THE Department of Finance (DoF) said P89.9 billion in “idle funds” returned to the Treasury by the Philippine Health Insurance Corp. (PhilHealth) will be used for infrastructure and other social programs.
“That is the farthest from the truth,” Finance Secretary Ralph G. Recto told a forum on Wednesday, referring to allegations that the PhilHealth funds are a form of “pork barrel.”
“Unprogrammed funds are not pork barrel, most of them will be used for foreign assisted projects, international commitments,” he said.
Pork barrel refers to the traditional Congressional practice, since declared illegal by the Supreme Court, of allocating government projects and funding in such a way as to win favor from voters.
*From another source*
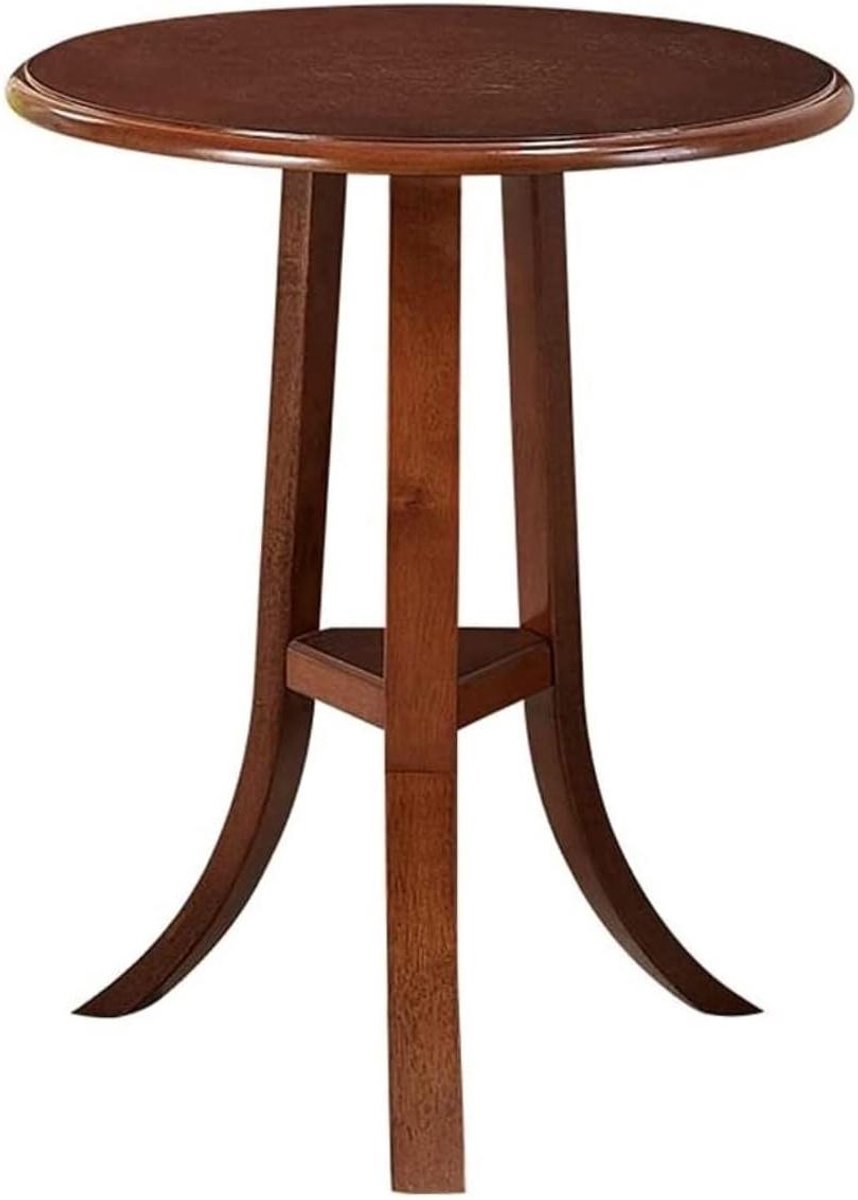 Ronde Tafel - Bijzettafel Koffietafel - Woonkamer Inrichten - Massief Houten Poten - 50x70cm - Wit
The administration has instructed government-owned and -controlled corporations (GOCCs) to remit funds deemed idle to the Treasury, raising fears that the President will have his own war chest to distribute to supporters.
Mr. Recto noted that the unprogrammed funds will help support several foreign-assisted projects including the Bataan-Cavite Interlink Bridge, the Metro Manila Subway, the Panay-Guimaras-Negros Island bridges, the Davao City Bypass, and the Salary Standardization VI for government employees.
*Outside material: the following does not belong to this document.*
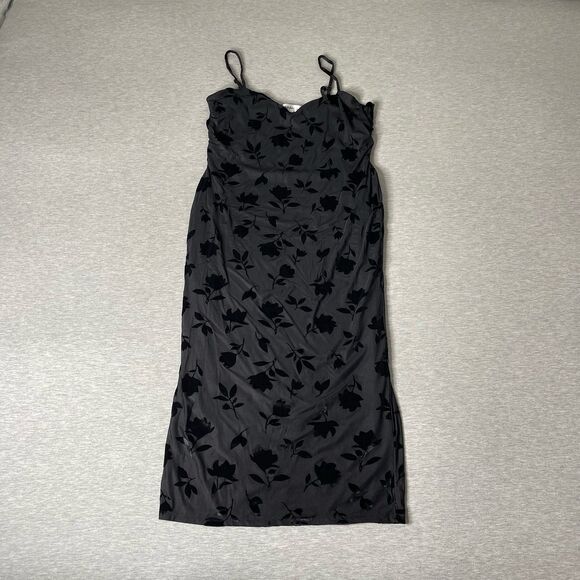 Madden Girl Women's Velvet Burnout Midi Slip Dress - Picture 1 of 11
The funds will also support the North-South Commuter Railway System, the Philippine National Railways South Long Haul line, and other big-ticket infrastructure works.
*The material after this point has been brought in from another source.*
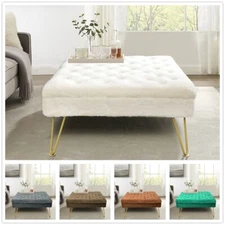 33" Soft Rabbit Faux Fur Tufted Ottoman Square Button Footstool & Coffee Table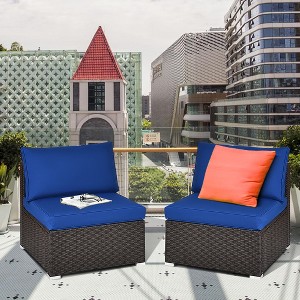 Costway 2PCS Patio Rattan Armless Sofa Sectional Furniture W/Navy Cushion - 1 of 4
It will also help fund the Support to Parcelization of Lands for Individual Titling program and the Philippine Fisheries and Coastal Resiliency project.
Other programs to be funded are the Philippine Multi-Sectoral Nutrition project, Supporting Innovation in the Philippine Technical and Vocational Education and Training System, the Mindanao Inclusive Agriculture Development project, the Philippine Rural Development project, and other development initiatives.
In Circular 003-2024, the DoF asked PhilHealth and the Philippine Deposit Insurance Corp. to remit unutilized funds worth P89.9 billion and P110 billion to the Treasury.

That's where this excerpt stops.